The motors in R/C cars have one side flattened so you tighten the setscrew down there. I'm going to try that with this motor and my trusty Dremel. The chain is fairly loose, so when you let up on the throttle, it goes from the motor pulling the wheel (tension on top) to the wheel pulling the motor (tension on bottom) with this unsettling "chunk" noise. I think the gap between pulling and being pulled is what keeps messing up the sprocket. I need to either really tighten up the chain or fashion some kind of tensioner.
As for brakes, we've decided on a refined version of the stick of wood. We've got these motorcycle chocks that go on a trailer to hold the front wheel of some motorcycles in place. Thus, it is shaped somewhat wheel-like. I figure if I hack off the sides to make it fit around the wheel and mount it to that back bar, i can just use the springiness of the metal itself as a brake. I'd say it's a much more solid plan than the stick of wood, even if it's the same basic principle.

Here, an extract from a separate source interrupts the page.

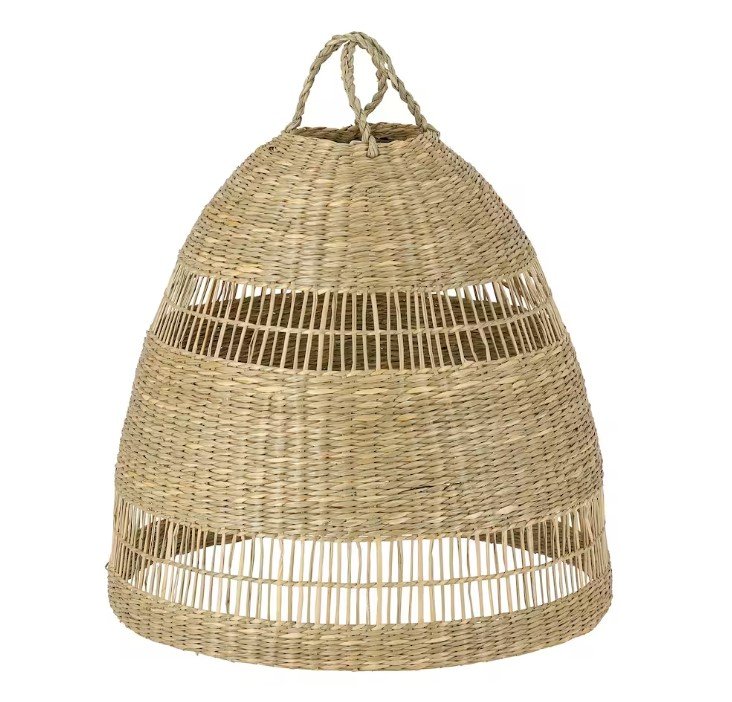 Sedge Chandelier w/ Bulb & Wiring
*Must be installed by third party/tent company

If you're having trouble visualizing the brakes, think of a razor scooter.
In the time it took me to post this message, I've gone and gotten that thing welded, by the same guys in fact! So now, it's drivable. It takes some effort to steer, but it works. I added a bar on the back for a passenger to hold on, which tweaks the frame a lot on turns.

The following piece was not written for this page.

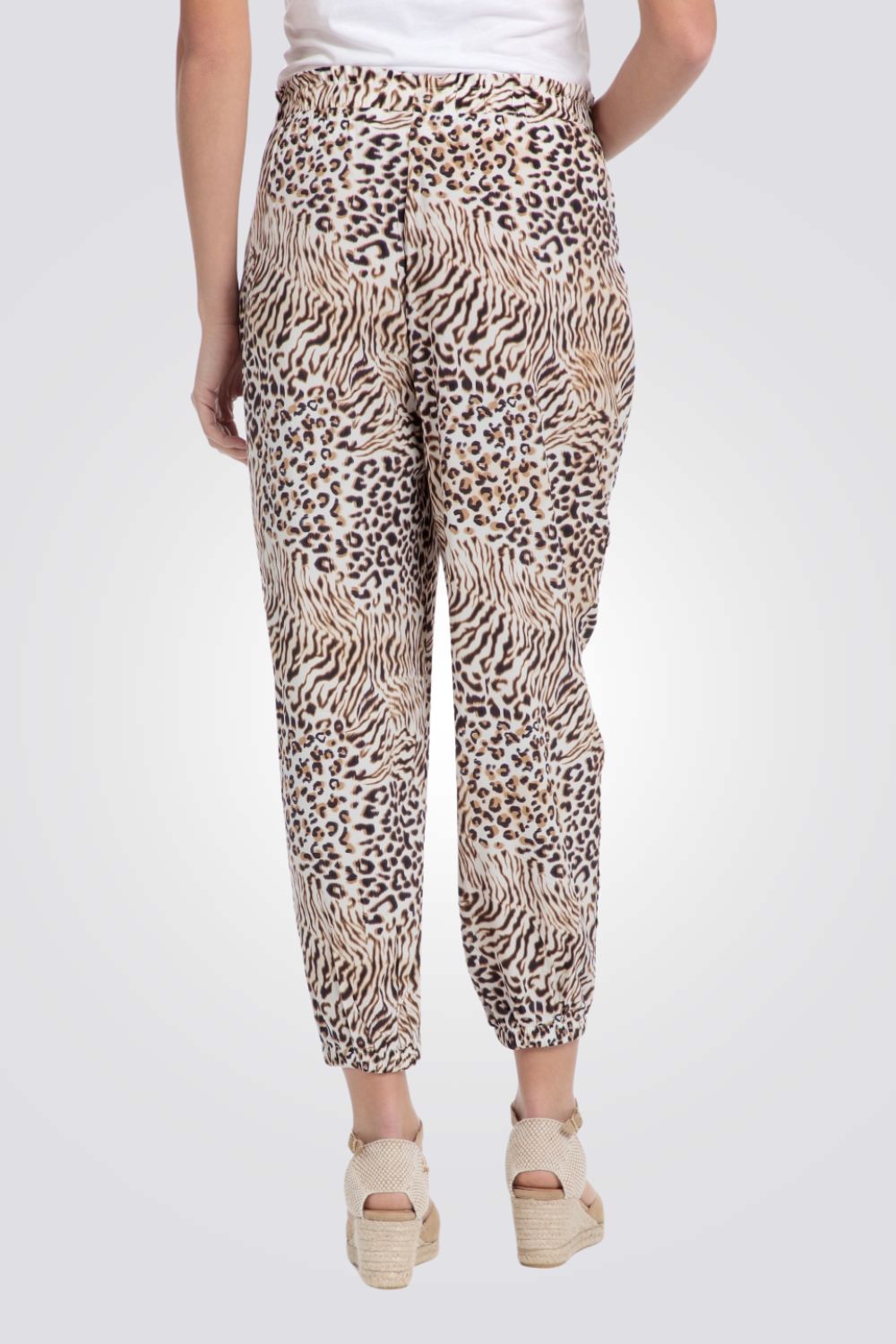 מכנסיים לנשים עם הדפס מנומר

I've also fashioned a new ignition switch that's much more stable than the previous one. Looks better too.
My parents threw a graduation party for me and my friends Ryan and Henry where the GoFast was the talk of the town. Many a demonstration was granted and my sister drove it into a tree while I wasn't there (and hadn't given permission). It pulled the wire out of one of the battery clamps, broke the steering column support, mangled my new ignition switch, and popped half the front axle off. Once I had listed all the damage, I fixed it and the steering seems to be working better, which at this point, sounds better than it really is.
I aim to provide a video of the GoFast in action soon.